For decades, hospitals were reimbursed via a fee-for-service system, which rewarded production with very little regard for efficiency. The introduction of the diagnosis-related-group (DRG) prospective payment system by Medicare in 1983 produced major changes in the efficiency emphasis of hospitals (Chalos, 1993), as the DRG system paid hospitals for patient stays based upon diagnosis, not individual treatments received during a particular inpatient stay. The DRG system thus necessitated that hospitals evaluate (or at least consider) patient types in terms of cost and profitability. There seems little relationship between healthcare costs and quality: in 2001 Louisiana ranked highest in Medicare cost and fifth lowest in healthcare quality while New Hampshire ranked highest in healthcare quality but 47th in terms of cost (Scott, 2005). These kinds of discrepancies should compel hospitals to examine productivity vis-à-vis costs (i.e., efficiency) more carefully.

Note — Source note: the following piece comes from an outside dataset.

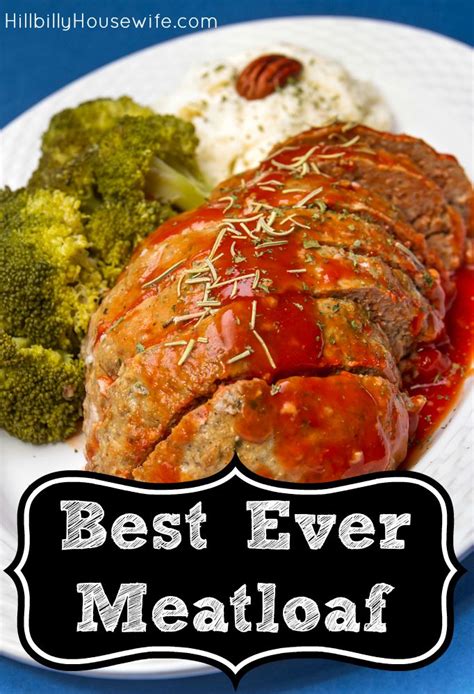 Meatloaf, plain and simple by longtime food52er sdebrango. Best Ever Meat Loaf - Hillbilly Housewife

While hospitals emphasize management of DRG product lines, this approach does not directly address hospital emergency department productivity, despite the fact that emergency departments accounted for approximately 40% of hospital admissions in 2000 (Breslin, 2003), and more recently it was reported in one hospital that over 47% of admissions was due to emergency department patients (Henneman, 2009). Because various studies (Eldenberg & Kallapur, 1997; Folland & Hofler, 2001) have demonstrated hospital administrators’ manipulation of budgeted patient volume, variable costs and contractual adjustments, it is vital to ensure that cost controls relate to productivity objectives. We divide conventional profitability into productivity, cost and price recovery components. The inclusion of the price change ratio eliminates the confounding effect of changes in sales which could distort the other two ratios, a problem which exists in traditional productivity measurement approaches (Bankar, Datar, & Kaplan, 1989) The productivity change ratio is used to measure the technical efficiency of the firm, and the cost and price recovery change ratios measure profitability changes due to product cost margins. We propose a modified APQC approach to better measure the productivity and profitability performance of emergency departments of hospitals. The paper illustrates the incremental information content that can be derived from conventional performance data by adopting this modified APQC approach.

The next section theoretically distinguishes operational and financial measures of performance. Then, we provide field data of a conventional hospital emergency department product performance system. Afterwards, we explain the APQC approach. We modify the APQC approach by incorporating the effect of patient acuity in hospital emergency department productivity and profitability. Finally we conclude the paper.